Audubon's pictures were starkly different from the birds being drawn by scientists at the time, said Robert Peck, a naturalist and historian at the Academy of Natural Sciences in Philadelphia.

"Up to that time, most of the art that had been published about birds was quite technical and scientific. The illustrations were rather stiff and formal," said Peck, who in 2010 helped uncovered Audubon's first published bird illustration—a picture of a running grouse on a New Jersey bank note from 1824.

"By romanticizing the subject and making them works of art that people would respond to emotionally as well as scientifically, [Audubon] was able to break down the barriers between science and the popular appreciation for science."

(See "Best Rare-Bird Pictures of 2010 Named.")

Birds by Audubon Not Always Pretty

One way Audubon appealed to the masses was to depict the birds in lifelike poses in their natural habitats. His technique for doing this, however, would make most modern birders cringe.

"He would use freshly killed specimens," the Audubon Center's Bochnowski explained. "He would position it on a wire armature—a device he created—to put it in a lifelike pose. Then he would use a grid system to make sure he got the actual dimensions as close as possible."

For larger birds such as swans, Audubon would use clever tricks to fit them on the page, such as bending their necks to make it appear as if they were looking backward.

Audubon also took pains to depict each bird as naturally as possible. "He would show birds with their own families and sometimes in peril. They weren't always pretty pictures," Bochnowski said.

"At times you would see a bird attacking something or a bird being attacked by something. He didn't shy away from that." (Take a backyard birds quiz.)

It also helped that Audubon was a gifted storyteller, the Academy of Natural Sciences' Peck said. He sprinkled "personal reminiscences and anecdotes about experiencing birds in the wild" throughout Ornithological Biographies, a publication that accompanied The Birds of America.

"Previous books had very technical, clinical descriptions of birds. Audubon made them into little stories that everyone could relate to."

Audubon Book the First Birding Guide?

Historians estimate that Audubon sold only about 100 to 200 subscriptions to his massive book, but this was enough to finance his travels and keep the project going.

Audubon's book didn't become a hit with the masses until 1841, when he released an octavo edition—so-called because it was an eighth the size of the original.

For the first time, average citizens had access to art and information previously available only to scientists and the wealthy.

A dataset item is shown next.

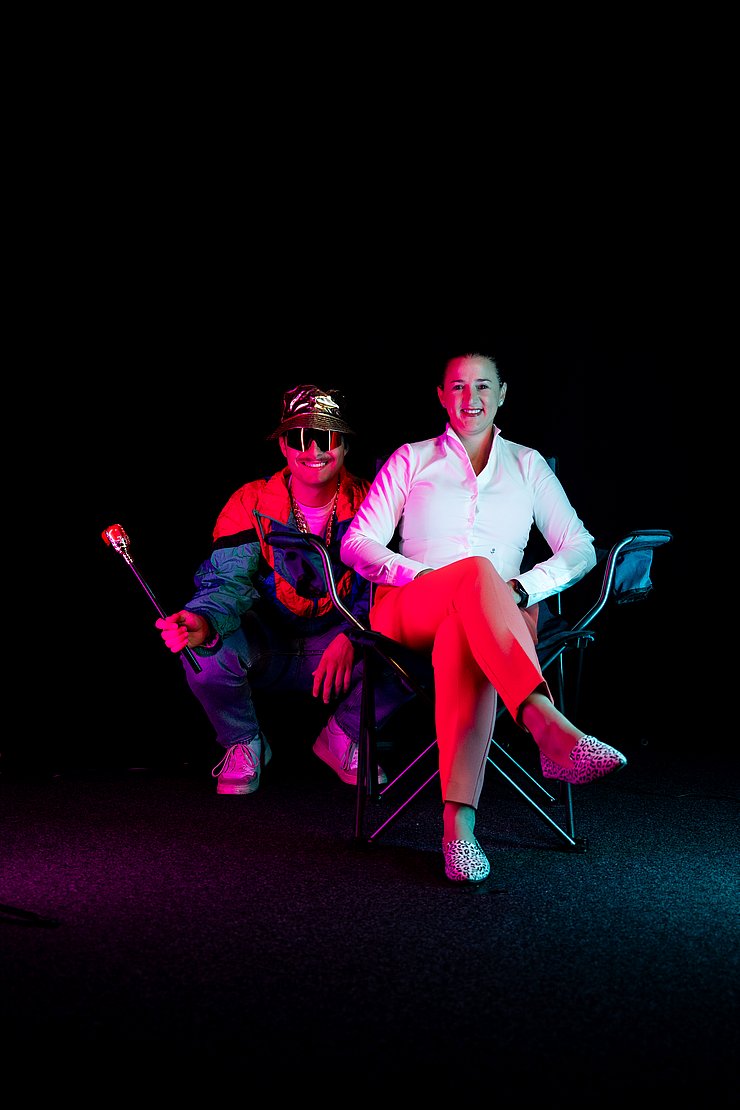 © Land Tirol Jugendlandesrätin Astrid Mair mit "Gönnjamin"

"In many ways, [the octavo edition] was the first birding guide, because it was the first book that was readily available to the public that not only showed birds but identified them," Bochnowski said.

(Explore National Geographic's backyard-bird identifier.)

Audubon a "Cocky" Upstart

Not everyone appreciated Audubon's style, however. He was not well regarded by the scientific community, and many scientists considered him a kind of upstart.

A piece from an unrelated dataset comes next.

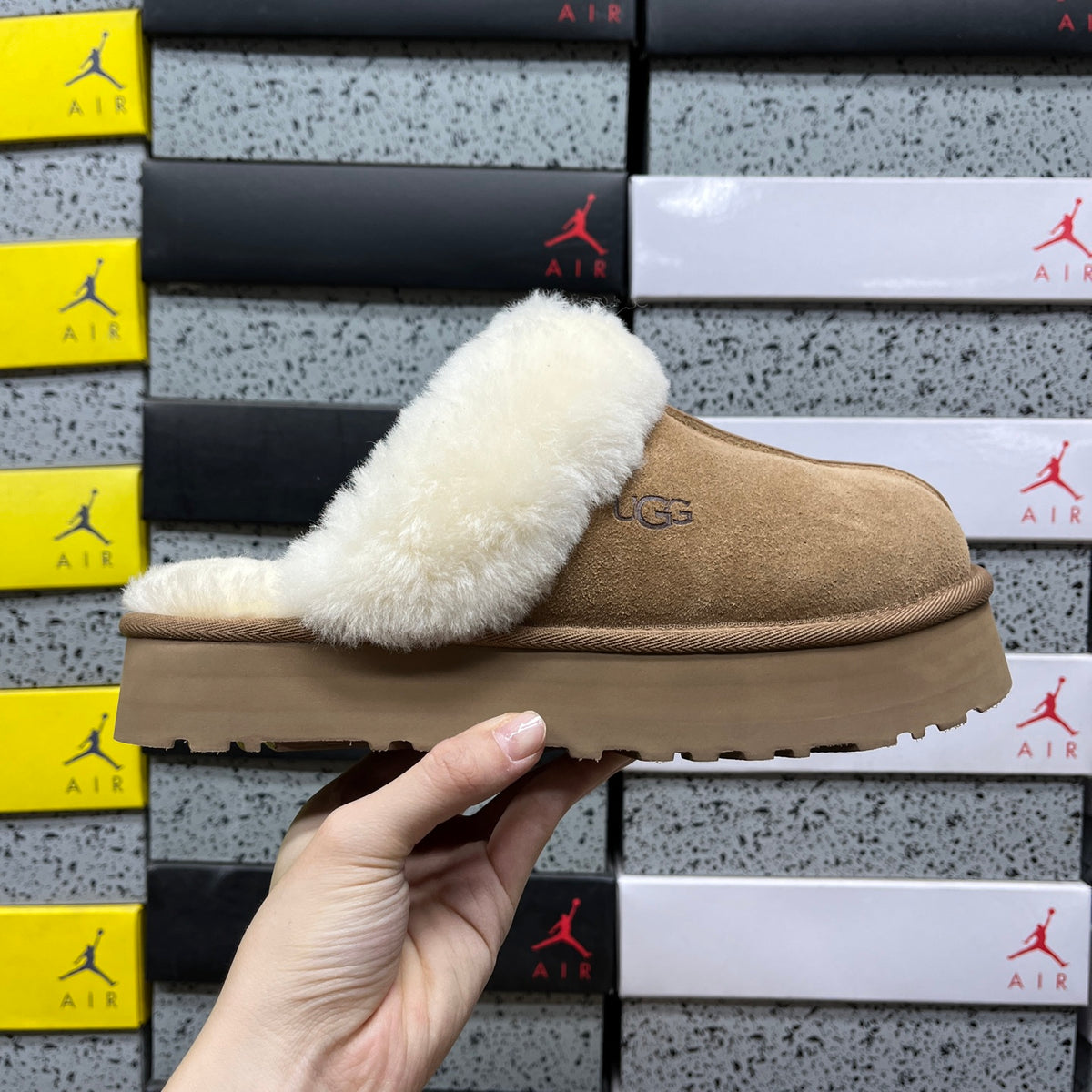 UGG Snow Boots 1122550 – Chestnut | Sizes 35–40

"He doesn't have a formal scientific education, hasn't paid his dues, and here he is, basically coming out of the wilderness in many people's opinions, and was showing art in Philadelphia, which was very scientifically oriented" at the time, Bochnowski said.

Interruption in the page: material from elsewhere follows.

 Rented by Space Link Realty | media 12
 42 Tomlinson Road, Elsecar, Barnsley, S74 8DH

"Scientists didn't know quite what to do with him, and artists didn't know what to do with him," Bochnowski said.

Not helping matters was the fact that Audubon had an often cocky and brash personality.

"He was not shy in the ego department," Bochnowski said. "He didn't make many friends because he thought—and probably rightly so—that the quality of what he produced was better than what was produced before."

Still, Bochnwski credits Audubon's illustrations, which are highly prized today, with helping to change people's attitudes about the birds around them.

"He may not have wowed the scientific community ... but he allowed people to see these creatures as intrinsically beautiful and deserving of a place on the Earth, regardless of us," Bochnwski said. (Get bird wallpapers.)

"So when many species were threatened by [commercial] use of bird feathers and parts in the late 1800s, it was only fitting that citizens rallied around his name, ultimately forming hundreds of Audubon societies that have fought for generations to protect birds and their habitats."